Sexual education refers to the instructions about sexual anatomy, reproduction, intercourse, abstinence, and birth control. It is essential to give teenagers accurate information to help them develop proper insights and values regarding sexuality. Parents, teachers, and counseling agencies are the sources of sexual education in the society (Daniel, 2008, p.21). Contraception is a birth control method that prevents one from unwanted pregnancies, and in some instances from the risk of diseases such as HIV. There are various types of contraceptives for both men and women, and a common contraceptive is the condom. Knowledge on sexual matters enables the young generation to improve on their interpersonal relationships, and make responsible decisions.
One of the ethical issues in sexual education and contraceptive use in teenagers lies on the perception of sexuality.

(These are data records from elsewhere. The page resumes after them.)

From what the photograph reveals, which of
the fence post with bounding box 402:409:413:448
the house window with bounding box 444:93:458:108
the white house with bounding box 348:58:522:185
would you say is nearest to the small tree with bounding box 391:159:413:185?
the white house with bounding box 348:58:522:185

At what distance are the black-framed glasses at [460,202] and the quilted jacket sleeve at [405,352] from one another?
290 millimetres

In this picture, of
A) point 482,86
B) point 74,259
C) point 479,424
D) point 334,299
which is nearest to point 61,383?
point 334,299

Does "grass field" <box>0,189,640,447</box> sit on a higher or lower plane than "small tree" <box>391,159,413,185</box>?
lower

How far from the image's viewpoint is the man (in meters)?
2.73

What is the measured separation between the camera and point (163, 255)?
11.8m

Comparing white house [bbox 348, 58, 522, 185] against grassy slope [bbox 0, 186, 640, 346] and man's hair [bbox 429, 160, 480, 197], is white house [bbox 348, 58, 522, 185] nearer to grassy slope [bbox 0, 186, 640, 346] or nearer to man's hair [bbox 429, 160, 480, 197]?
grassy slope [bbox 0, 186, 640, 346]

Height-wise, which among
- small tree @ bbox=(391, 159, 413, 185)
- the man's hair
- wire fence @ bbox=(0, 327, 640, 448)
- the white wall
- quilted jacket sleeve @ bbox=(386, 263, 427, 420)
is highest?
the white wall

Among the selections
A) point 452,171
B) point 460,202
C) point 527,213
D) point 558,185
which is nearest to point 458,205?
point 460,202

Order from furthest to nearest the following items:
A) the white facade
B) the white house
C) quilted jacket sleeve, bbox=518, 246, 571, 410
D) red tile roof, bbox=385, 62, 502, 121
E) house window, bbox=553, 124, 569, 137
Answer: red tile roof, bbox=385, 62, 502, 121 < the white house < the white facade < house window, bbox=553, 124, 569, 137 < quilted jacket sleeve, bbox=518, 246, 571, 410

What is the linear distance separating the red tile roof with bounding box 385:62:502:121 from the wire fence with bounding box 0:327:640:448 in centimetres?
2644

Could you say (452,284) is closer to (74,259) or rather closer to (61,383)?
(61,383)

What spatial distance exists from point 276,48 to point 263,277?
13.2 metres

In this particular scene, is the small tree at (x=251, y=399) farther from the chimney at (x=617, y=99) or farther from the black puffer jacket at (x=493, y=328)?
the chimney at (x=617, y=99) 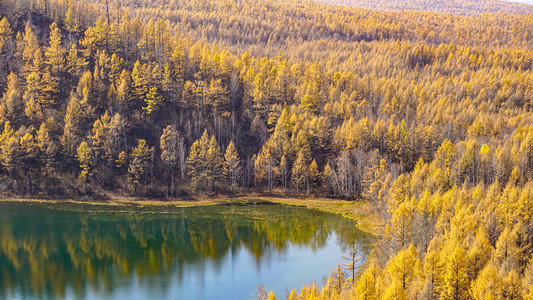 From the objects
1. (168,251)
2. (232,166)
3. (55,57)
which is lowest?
(168,251)

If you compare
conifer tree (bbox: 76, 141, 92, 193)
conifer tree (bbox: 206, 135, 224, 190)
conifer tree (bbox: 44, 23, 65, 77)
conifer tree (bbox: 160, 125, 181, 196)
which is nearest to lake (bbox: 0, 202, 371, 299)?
conifer tree (bbox: 206, 135, 224, 190)

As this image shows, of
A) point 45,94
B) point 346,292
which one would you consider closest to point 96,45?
point 45,94

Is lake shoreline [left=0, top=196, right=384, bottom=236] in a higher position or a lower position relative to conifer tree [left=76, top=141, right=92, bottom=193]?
lower

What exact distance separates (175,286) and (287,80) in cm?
8127

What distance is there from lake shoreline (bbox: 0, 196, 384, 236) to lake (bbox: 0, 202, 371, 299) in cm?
244

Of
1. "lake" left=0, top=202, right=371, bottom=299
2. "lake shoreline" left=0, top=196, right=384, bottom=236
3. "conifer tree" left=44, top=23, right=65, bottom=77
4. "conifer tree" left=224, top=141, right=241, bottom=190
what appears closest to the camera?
"lake" left=0, top=202, right=371, bottom=299

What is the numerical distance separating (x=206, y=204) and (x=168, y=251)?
26257 millimetres

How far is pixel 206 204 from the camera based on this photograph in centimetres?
9025

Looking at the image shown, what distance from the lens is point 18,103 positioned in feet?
309

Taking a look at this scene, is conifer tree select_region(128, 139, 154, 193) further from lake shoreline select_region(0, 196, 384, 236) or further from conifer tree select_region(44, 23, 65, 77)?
conifer tree select_region(44, 23, 65, 77)

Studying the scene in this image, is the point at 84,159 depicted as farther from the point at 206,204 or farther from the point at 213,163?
the point at 206,204

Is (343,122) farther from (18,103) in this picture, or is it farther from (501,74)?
(501,74)

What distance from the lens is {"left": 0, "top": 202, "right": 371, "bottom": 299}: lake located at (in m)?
51.1

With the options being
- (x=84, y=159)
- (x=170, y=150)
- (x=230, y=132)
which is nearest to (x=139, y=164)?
(x=170, y=150)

Many parents assume that it is the teachers’ role to inform the teenagers on sex related issues. Abstinence has been the only advocated issue to teenagers for a long time. Today, most people have realized that teenagers engage in sexual activities regardless of abstinence campaigns, and so it is vital to avail other forms of contraceptives.

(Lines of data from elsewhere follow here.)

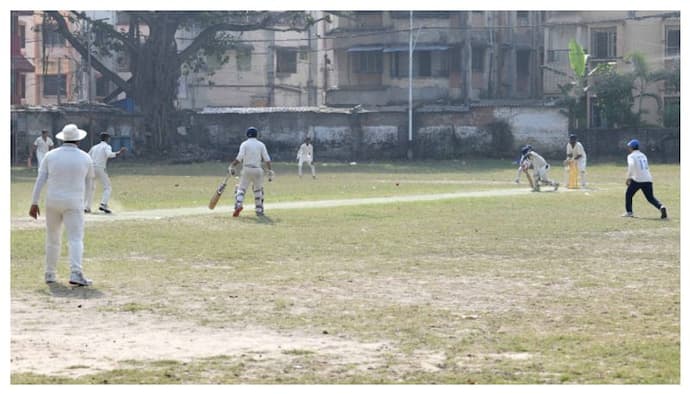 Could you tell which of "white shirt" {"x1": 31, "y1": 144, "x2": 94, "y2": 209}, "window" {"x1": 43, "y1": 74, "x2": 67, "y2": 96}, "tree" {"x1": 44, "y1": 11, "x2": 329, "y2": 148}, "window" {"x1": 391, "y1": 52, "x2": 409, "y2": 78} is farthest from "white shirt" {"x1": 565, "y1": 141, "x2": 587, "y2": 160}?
"window" {"x1": 43, "y1": 74, "x2": 67, "y2": 96}

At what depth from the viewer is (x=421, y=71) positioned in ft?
226

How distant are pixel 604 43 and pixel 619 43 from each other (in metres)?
0.83

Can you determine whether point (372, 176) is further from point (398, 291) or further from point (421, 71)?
point (398, 291)

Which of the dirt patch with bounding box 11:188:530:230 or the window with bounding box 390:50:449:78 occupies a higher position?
the window with bounding box 390:50:449:78

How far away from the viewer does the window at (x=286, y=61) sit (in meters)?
76.2

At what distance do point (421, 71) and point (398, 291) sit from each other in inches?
2155

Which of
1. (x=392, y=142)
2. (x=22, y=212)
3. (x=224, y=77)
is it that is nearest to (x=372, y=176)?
(x=392, y=142)

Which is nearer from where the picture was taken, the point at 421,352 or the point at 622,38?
the point at 421,352

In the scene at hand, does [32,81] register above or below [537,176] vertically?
above

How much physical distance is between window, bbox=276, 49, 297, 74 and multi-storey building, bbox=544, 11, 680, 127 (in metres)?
15.2

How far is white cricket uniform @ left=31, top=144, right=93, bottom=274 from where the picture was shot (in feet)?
49.2

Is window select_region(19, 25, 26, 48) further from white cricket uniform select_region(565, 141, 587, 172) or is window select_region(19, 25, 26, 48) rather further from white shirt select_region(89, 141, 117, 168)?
white shirt select_region(89, 141, 117, 168)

Sexual education should focus on giving teenagers knowledge without discrimination; all information regarding the subject is essential. Counselors should incorporate religious aspects on sexuality to ensure appropriate guidance. It is ethical to include homosexuality in educating the youth on sexuality (Caroline & Alexandra, 2006, p.12). People are finally accepting homosexuality as part of their lives, and gay marriages are now legalized in several countries. Initially homosexuals were isolated, and this denied them the right to live normal lives. Teenagers should be discouraged from irresponsible sexual behaviors as contraceptives do not always prevent pregnancy or transmission of diseases. Use of contraceptives should not encourage sexual intercourse among young people, but should be used to educate them on responsible sexual behavior.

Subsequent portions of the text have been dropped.